All major countries in the world have patent systems, and most of these must abide by treaties like the Paris Convention for the Protection of Industrial Property and the Patent Cooperation Treaty.  All members of the World Trade Organization ("WTO") are legally obligated to ensure that their patent systems meet the minimal requirements of the Agreement on Trade Related Aspects of Intellectual Property Rights ("TRIPS").  It would thus be reasonable to assume that patents do, indeed, spur technological innovation.  However, solid evidence for this assumption has proved elusive.  In several experimental studies my colleague, Bill Tomlinson, and I conducted, entitled "Patents and the Regress of Useful Arts," "Patent Expertise and the Regress of Useful Arts," and "Property Rules, Liability Rules, and Patents: One Experimental View of the Cathedral," our data failed to show that patents spur technological innovation.

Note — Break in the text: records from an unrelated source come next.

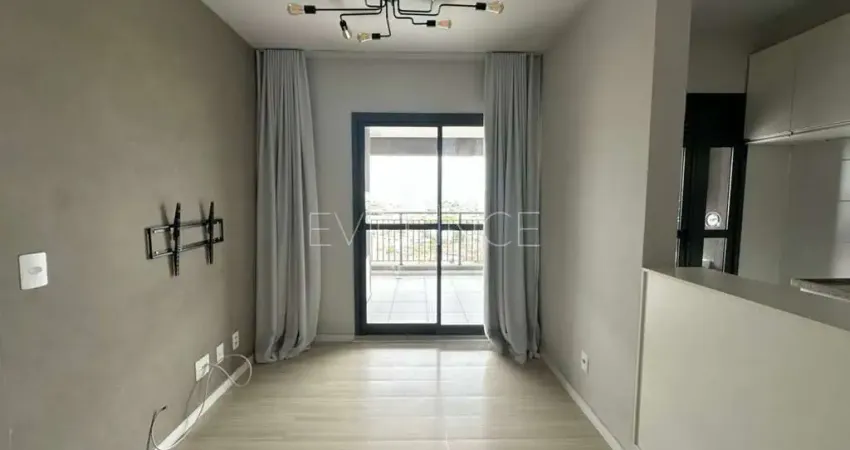 Apartamento para alugar de 60m² com 2 dormitórios, 1 suíte e 1 vaga privativa coberta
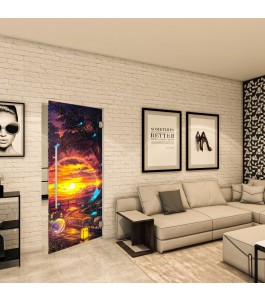 Pendeltür - Fotoprint Model 325 für ein modernes Zuhause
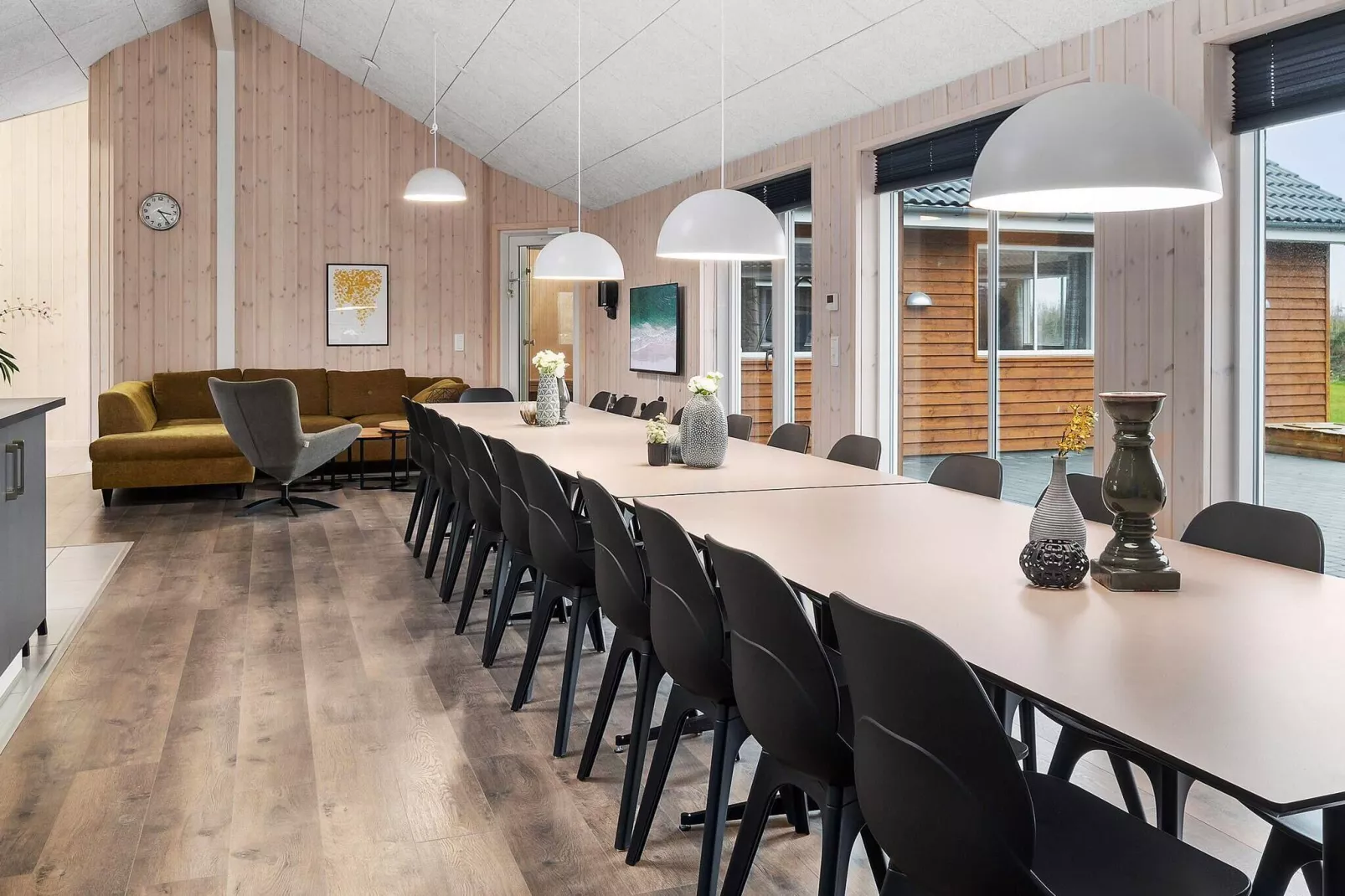 24 person holiday home in Hasselberg-Indoor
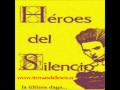 Héroes del Silencio - No más lágrimas ( Maqueta ) 1986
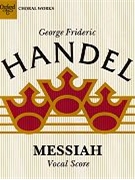 Messiah by Handel George Frideric - Bartlett Clifford - for SATB Vocal Score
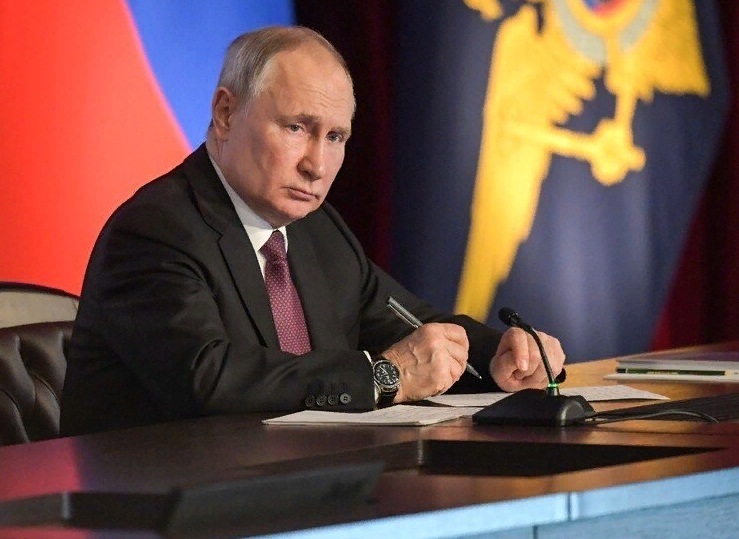 новый Путин - имперский, черносотенный, общинный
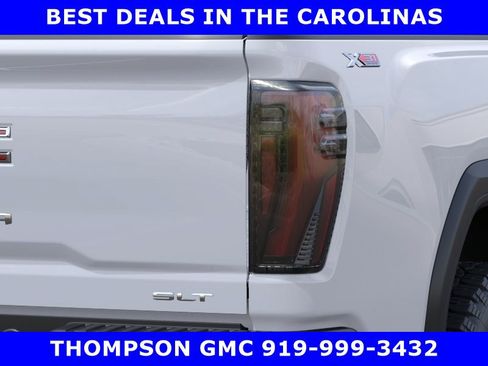 New 2026 GMC Sierra 3500 SLT w/ SLT Premium Package AWD/4WD image 14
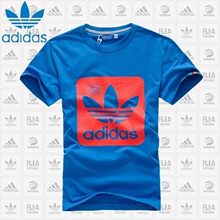 阿迪达斯三叶草adidas半袖 运动T恤男款短袖休闲纯棉简单圆领T恤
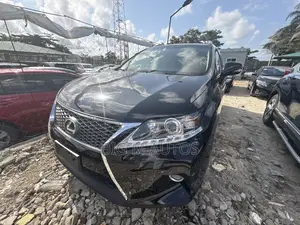 Lexus RX 2011 Black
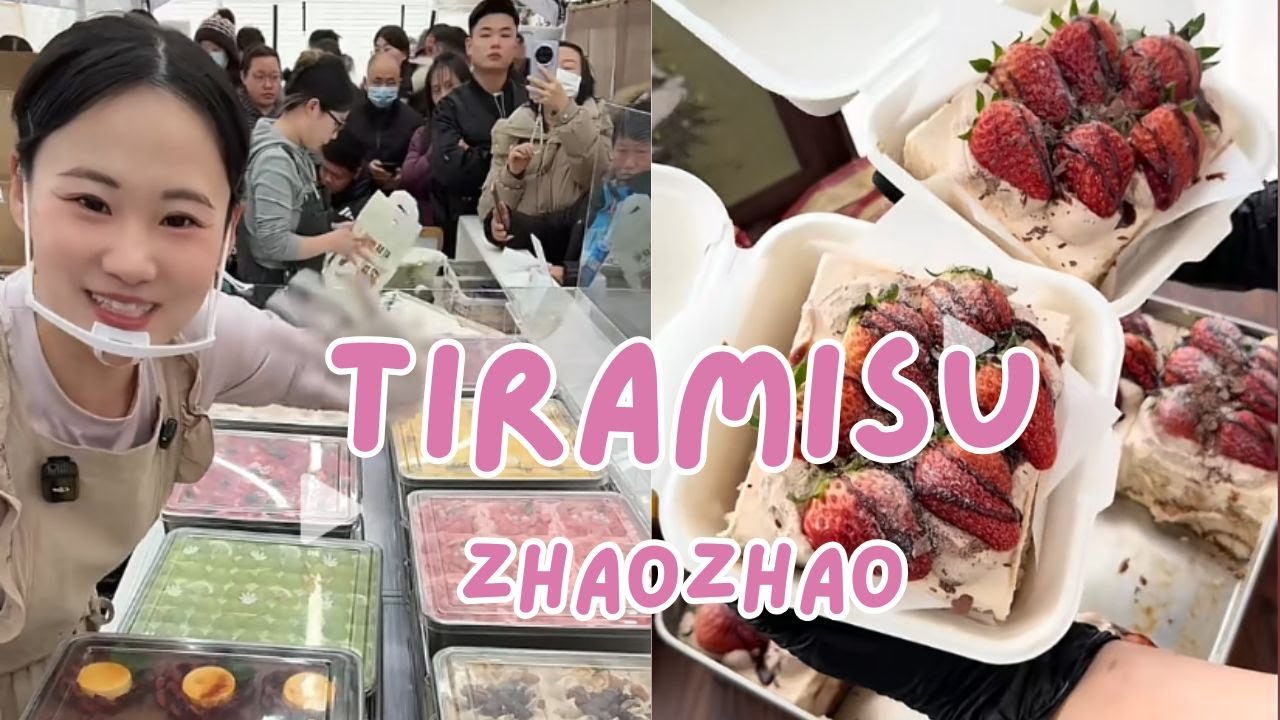 🔴Live🔴 Challenge Selling 80 Trays of Tiramisu in 2 Hours with Zhao Zhao– 01292026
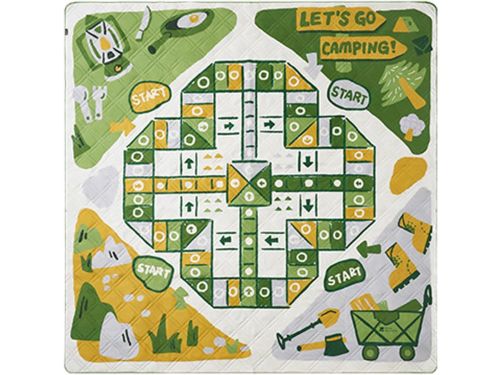 Picknickkleed - Buitendeken - Groepsactiviteiten - Waterbestendig Comfort - 180x200cm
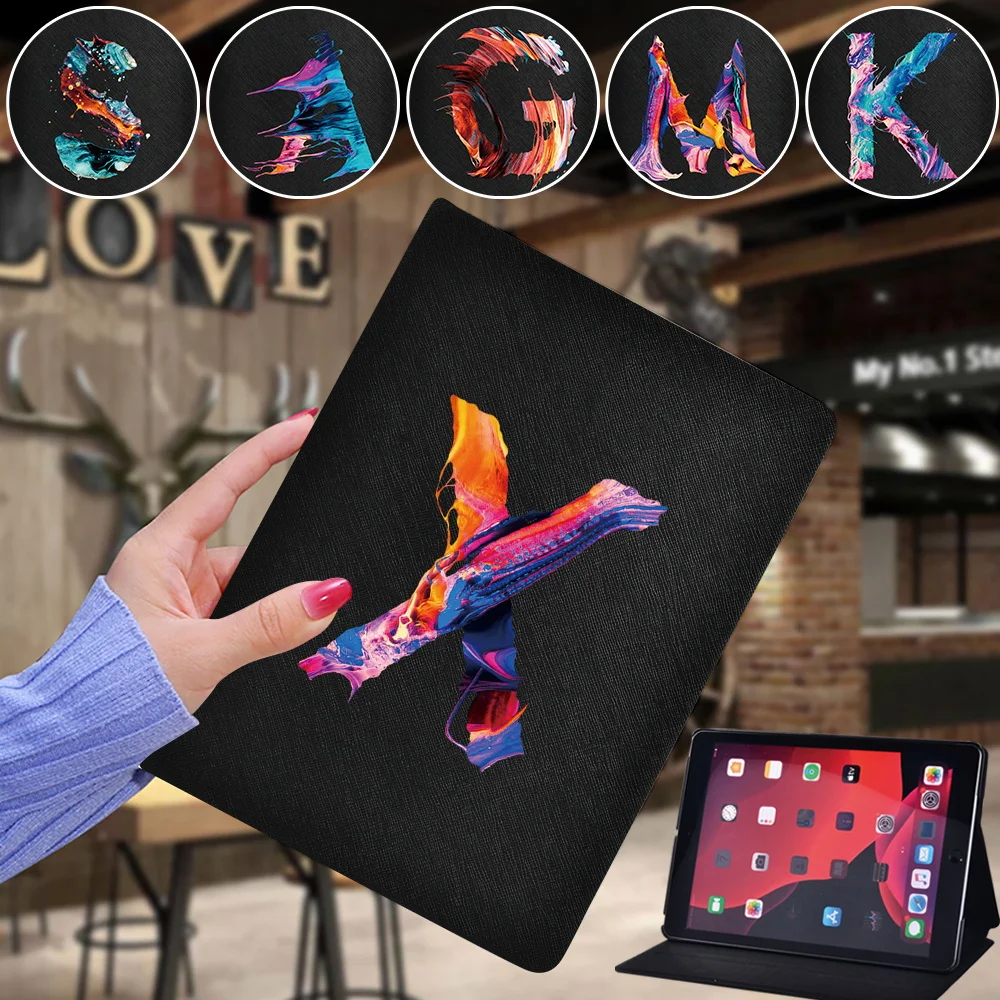 

Case for IPad 9th Generation Tablet Protective Cover Pu Leather Anti-fall Hard Case for New IPad 10.2 2021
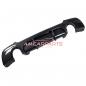 Preview: Upgrade Sport Design Heck Diffusor passend für BMW 3er E92 / E93 Coupe / Cabrio 06-13 Carbon-Optik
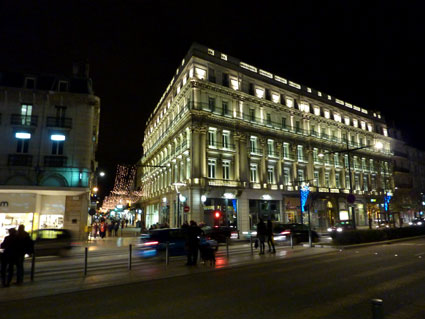 Décoration de Noël à Valence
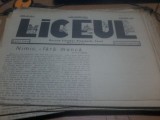 Liceul anul III nr 3 ian 1937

Patents may indeed work well to encourage new inventions, but evidence to support this would be beneficial in helping to guide wise public policy.To this end, telecommunications firm Qualcomm Incorporated announced on August 22, 2013, that it donated $2,000,000 to the Searle Center on Law, Regulation, and Economic Growth at Northwestern University to fund research into the connections between patent protection and technological innovation. As the press release states,
The grant will make it possible for the Searle Center to create a series of related databases to collate information regarding standards, licensing, litigation and markets for patents. Scholars will be able to use these data to better understand how inventive activity occurs, how it is commercialized and what might be done to facilitate future innovation. The grant also funds a series of conferences and roundtables to examine and improve research in the field.
Research into how patent systems actually function is fundamentally important to social welfare.  If patents work well, then countries can confidently use them to increase the rate of technological development.  If they do not accomplish this goal - or even thwart it - then wise public policy may employ other approaches, such as open, user, and collaborative innovation.  Reliable data on patent systems is vital.  More research is needed.  Society will benefit, whatever the results may be.